Why is IMF monitoring important?
Vigilant monitoring by the IMF is essential to identifying stability and growth risks that may require remedial policy adjustments. Moreover, international cooperation on these efforts is critical in today’s globally integrated economy, in which the problems or policies of one country can affect many others. IMF membership, which includes all but a handful of the world’s nations, can facilitate this cooperation. IMF monitoring includes both bilateral surveillance, focused on individual member countries, and multilateral surveillance, or oversight of the global economy.
Consulting with member states
IMF monitoring typically involves annual visits to member countries. During these visits IMF staff engage government and central bank officials in discussions about risks to domestic and global stability. These discussions focus on exchange rate, monetary, fiscal, and regulatory policies, in addition to macro-critical structural reforms. IMF staff also attempt to meet with other stakeholders, including members of the legislature and representatives from the business community, labor unions, and civil society, among other groups. Comprehensive discussions with a broad array of groups leads to better evaluations of each country’s economic policies and outlook.
Upon completion of their evaluation IMF staff present a report to the Executive Board for discussion. The Board’s views on the report are then transmitted to the country’s authorities, concluding a process known as an Article IV consultation. In recent years, surveillance has become more transparent and most member countries now publish a press release summarizing the staff report and accompanying analysis, as well as the views of the Board.
The IMF also monitors regional and global economic trends and analyzes the impact that member country policies may have on neighboring countries and the global economy. It issues periodic reports on these trends and analysis. The World Economic Outlook provides detailed analysis of the global economy and its growth prospects, addressing issues such as the macroeconomic effects of global financial turmoil and the potential for global spillovers, especially those that may result from the economic, fiscal, and monetary policies of large, globally central economies such as the United States, China, and the euro area. The Global Financial Stability Report assesses global capital markets and financial imbalances and vulnerabilities that pose potential risks to financial stability. The Fiscal Monitor updates medium-term fiscal projections and assesses developments in public finances. The IMF also publishes Regional Economic Reports that provide detailed analysis of major regions of the world.
The IMF cooperates closely with other groups, including the Group of Twenty industrialized and emerging market economies, and since 2009 has supported the G20’s efforts to sustain international economic cooperation through its mutual assessment process. The IMF analyzes member country policies to determine how consistent they are with the goal of sustained and balanced global growth. It also prepares External Sector Reports that examine the external positions of systemically large economies, begun on a pilot basis in 2012. And twice a year the IMF issues a Global Policy Agenda that pulls together the key findings and policy advice from multilateral reports and proposes a future agenda for the IMF and its members.
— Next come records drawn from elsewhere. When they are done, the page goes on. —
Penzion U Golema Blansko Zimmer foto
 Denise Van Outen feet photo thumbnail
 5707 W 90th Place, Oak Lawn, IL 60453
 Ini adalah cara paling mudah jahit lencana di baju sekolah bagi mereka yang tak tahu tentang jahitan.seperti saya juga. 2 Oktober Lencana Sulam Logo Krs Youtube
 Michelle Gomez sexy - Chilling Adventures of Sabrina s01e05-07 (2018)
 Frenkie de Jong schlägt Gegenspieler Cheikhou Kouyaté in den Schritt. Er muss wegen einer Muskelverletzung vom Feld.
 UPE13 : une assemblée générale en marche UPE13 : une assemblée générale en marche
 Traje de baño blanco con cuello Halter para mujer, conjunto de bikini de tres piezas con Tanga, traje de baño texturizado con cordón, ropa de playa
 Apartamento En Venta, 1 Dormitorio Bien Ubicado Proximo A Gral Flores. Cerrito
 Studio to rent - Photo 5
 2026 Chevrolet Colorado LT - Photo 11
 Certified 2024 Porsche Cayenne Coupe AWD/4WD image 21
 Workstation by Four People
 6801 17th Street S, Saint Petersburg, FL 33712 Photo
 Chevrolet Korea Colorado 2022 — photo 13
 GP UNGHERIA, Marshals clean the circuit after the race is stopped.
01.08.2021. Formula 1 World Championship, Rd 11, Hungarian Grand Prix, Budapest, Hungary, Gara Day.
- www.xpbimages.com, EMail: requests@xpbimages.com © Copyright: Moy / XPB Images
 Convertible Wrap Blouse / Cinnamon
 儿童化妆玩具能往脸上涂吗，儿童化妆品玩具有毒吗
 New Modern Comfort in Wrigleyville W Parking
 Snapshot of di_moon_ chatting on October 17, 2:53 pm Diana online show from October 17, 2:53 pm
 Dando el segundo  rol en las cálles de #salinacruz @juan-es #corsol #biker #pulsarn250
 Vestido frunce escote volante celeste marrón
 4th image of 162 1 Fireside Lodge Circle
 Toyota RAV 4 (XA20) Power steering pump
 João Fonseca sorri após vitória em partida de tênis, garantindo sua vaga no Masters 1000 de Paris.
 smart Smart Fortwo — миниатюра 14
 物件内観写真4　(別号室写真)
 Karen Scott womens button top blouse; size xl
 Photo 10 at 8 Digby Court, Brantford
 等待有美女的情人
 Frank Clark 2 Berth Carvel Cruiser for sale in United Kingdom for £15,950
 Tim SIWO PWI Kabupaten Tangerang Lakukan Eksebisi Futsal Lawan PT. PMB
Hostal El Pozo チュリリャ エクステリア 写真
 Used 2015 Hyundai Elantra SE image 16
Improving IMF surveillance
The IMF reviews its surveillance and monitoring activities every three years. The 2011 Triennial Surveillance Review highlighted progress in addressing weaknesses in pre-crisis surveillance, yet it also found that significant gaps remained. In particular, IMF monitoring activities were found to be too fragmented, with risk assessments lacking depth and sufficient focus on interconnections and transmission of shocks. The review recommended improvements in six key areas: interconnectedness, risk assessments, external stability, financial stability, traction, and the legal framework.
As part of broader efforts to improve surveillance, in July 2012 the Executive Board adopted the Integrated Surveillance Decision, designed to strengthen the underlying legal framework for monitoring. In September 2012 the Board endorsed a Financial Surveillance Strategy that proposes concrete steps to further strengthen IMF monitoring activities. These actions help ensure that the IMF is in a better position to address spillovers from members’ policies on global stability; to monitor members’ external sectors in a more comprehensive manner; to better engage members in constructive dialogue; to more effectively safeguard the operation of the international monetary system; and to support global economic and financial stability.
The 2014 Triennial Surveillance Review builds on these reforms by identifying five operational priorities for strengthening surveillance:
Integrate and deepen risk and spillover analysis
Mainstream macro-financial surveillance
Pay more attention to structural policies, including labor market issues
Deliver more cohesive and expert policy advice
Develop a client-focused approach to surveillance with clear and candid communication.
The Managing Director’s Action Plan for Strengthening Surveillance outlines concrete measures needed to advance all of these priorities, and work is under way to strengthen each of them in consultation with the Executive Board. IMF staff will prepare an interim implementation assessment in 2017 to update the Board on progress.